Something he’d said when he met her shimmered through her mind.
So easy, and yet, ten years overdue.
A tear rolled down her cheek, and she scrubbed it away. His odd comment now made all the sense in the world.
If she tried, she could almost picture him. She remembered a young man visiting that summer. Quality clothing covering a gangly body, one in the midst of splendid promise. Beautiful features too big for his face.
Of course, he’d grown into them, into everything, beautifully. Become a gorgeous, talented, thoughtful man. A man suited to a highborn lady, someone who would add every advantage to his life, to his business. Even in Raine’s class, marriage was rarely about love and often about necessity or accessibility, property, or monies. She’d never expected love.
When Kit expected everything.
She snuggled deeper in the bed, her toes chilled, her skin clammy. There were a thousand reasons for her to push Kit away and only one reason not to. If she let herself love him, and someday he regretted his choice, as she assumed he would, she’d curl into a ball and die. Simply die. A marriage of convenience was one thing, but a marriage where only one person was happy…where only one person was in love…
Better to be alone than suffer such torment.
She pressed her face into her pillow, deciding to take the coward’s path.
Christian felt the tip of a boot nudge his hip. At the third nudge, he snarled, “Leave me be, will you? I’ll head back to the house with the sun. Go away.”
“You’re a disaster. I can’t take you anywhere.” Penny dropped to his haunches beside Christian and seized the empty wine bottle with a groan of dismay. “I was afraid of this. Women aren’t clocks. Nothing reliable about them.”
“I tried, can’t you see? Romance. It didn’t work.”
“Perhaps the traditional approach would be better. In London better. Rides through Hyde Park, strolls along Bond Street, two scandalous waltzes in one night, done. Marriage to someone who means something but not everything. Everything is not required, Kit.”

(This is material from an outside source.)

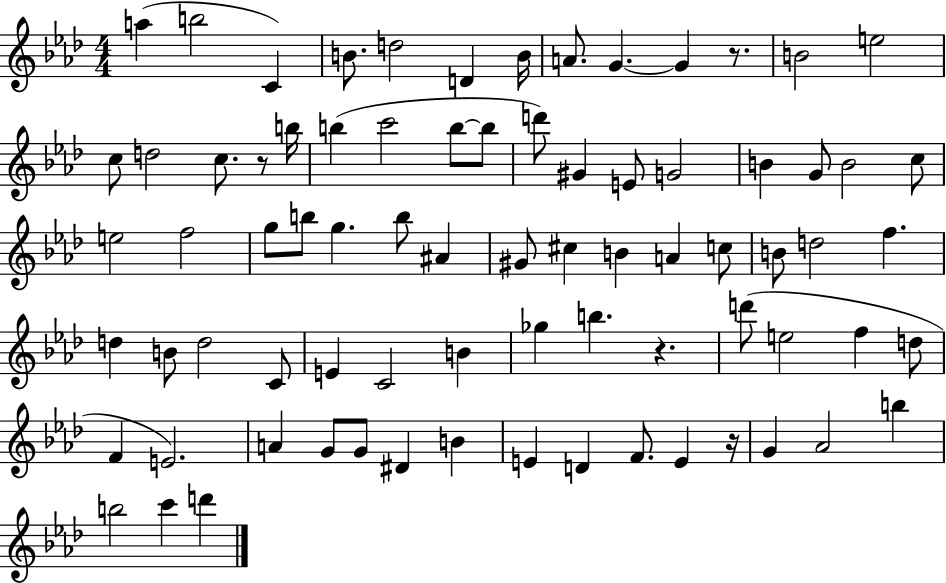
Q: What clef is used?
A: treble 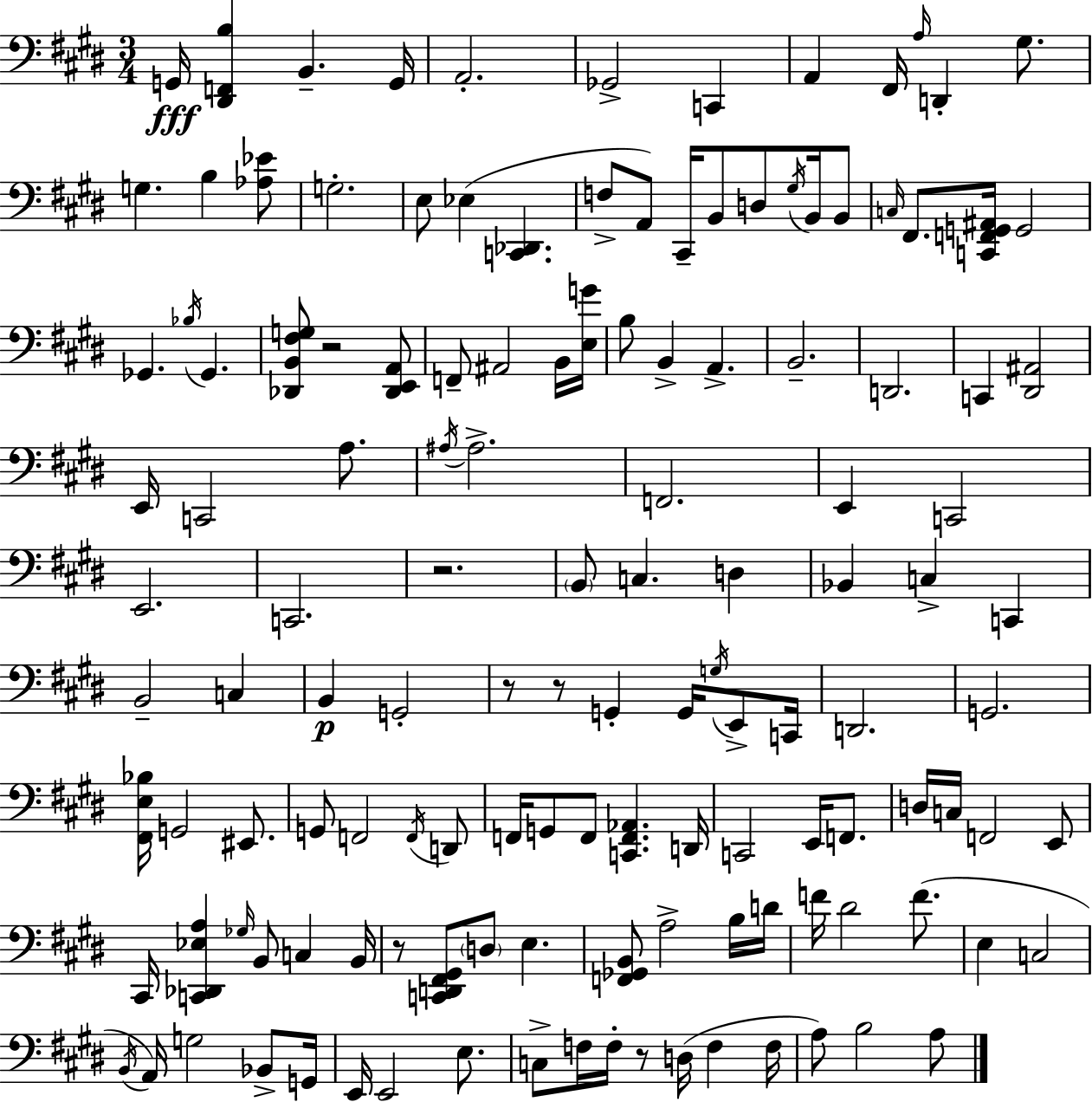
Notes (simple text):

G2/s [D#2,F2,B3]/q B2/q. G2/s A2/h. Gb2/h C2/q A2/q F#2/s A3/s D2/q G#3/e. G3/q. B3/q [Ab3,Eb4]/e G3/h. E3/e Eb3/q [C2,Db2]/q. F3/e A2/e C#2/s B2/e D3/e G#3/s B2/s B2/e C3/s F#2/e. [C2,F2,G2,A#2]/s G2/h Gb2/q. Bb3/s Gb2/q. [Db2,B2,F#3,G3]/e R/h [Db2,E2,A2]/e F2/e A#2/h B2/s [E3,G4]/s B3/e B2/q A2/q. B2/h. D2/h. C2/q [D#2,A#2]/h E2/s C2/h A3/e. A#3/s A#3/h. F2/h. E2/q C2/h E2/h. C2/h. R/h. B2/e C3/q. D3/q Bb2/q C3/q C2/q B2/h C3/q B2/q G2/h R/e R/e G2/q G2/s G3/s E2/e C2/s D2/h. G2/h. [F#2,E3,Bb3]/s G2/h EIS2/e. G2/e F2/h F2/s D2/e F2/s G2/e F2/e [C2,F2,Ab2]/q. D2/s C2/h E2/s F2/e. D3/s C3/s F2/h E2/e C#2/s [C2,Db2,Eb3,A3]/q Gb3/s B2/e C3/q B2/s R/e [C2,D2,F#2,G#2]/e D3/e E3/q. [F2,Gb2,B2]/e A3/h B3/s D4/s F4/s D#4/h F4/e. E3/q C3/h B2/s A2/s G3/h Bb2/e G2/s E2/s E2/h E3/e. C3/e F3/s F3/s R/e D3/s F3/q F3/s A3/e B3/h A3/e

“It is for me.” Christian elbowed to a wobbly sit. A gust of wind whipped in from the east, sending his hair into his eyes. A storm was brewing. He rubbed his aching chest; his argument with Raine had taken a piece of him and shattered it like china against marble. He didn’t feel whole at the moment.
Penny sat next to Christian, stretching his legs out across the wrinkled blanket. “I feared this.”
“Wonderful, add prophecy to your list of talents. Have your flask handy?”
Penny grimaced and yanked the dented tin from his coat pocket, thrust it toward Christian. The etched metal caught a streak of moonlight and sent it shooting across their Hessians.
Christian took a long pull, the Scotch adding weight to the wine he’d consumed in a way he knew would distress him come morning. “She’s not going for it,” he said with a sinking heart. Even with that scorching kiss standing between them, she hadn’t considered it. Or him.
Penny’s blistering gaze swept him, the judgmental cur. “Did you mention marriage?”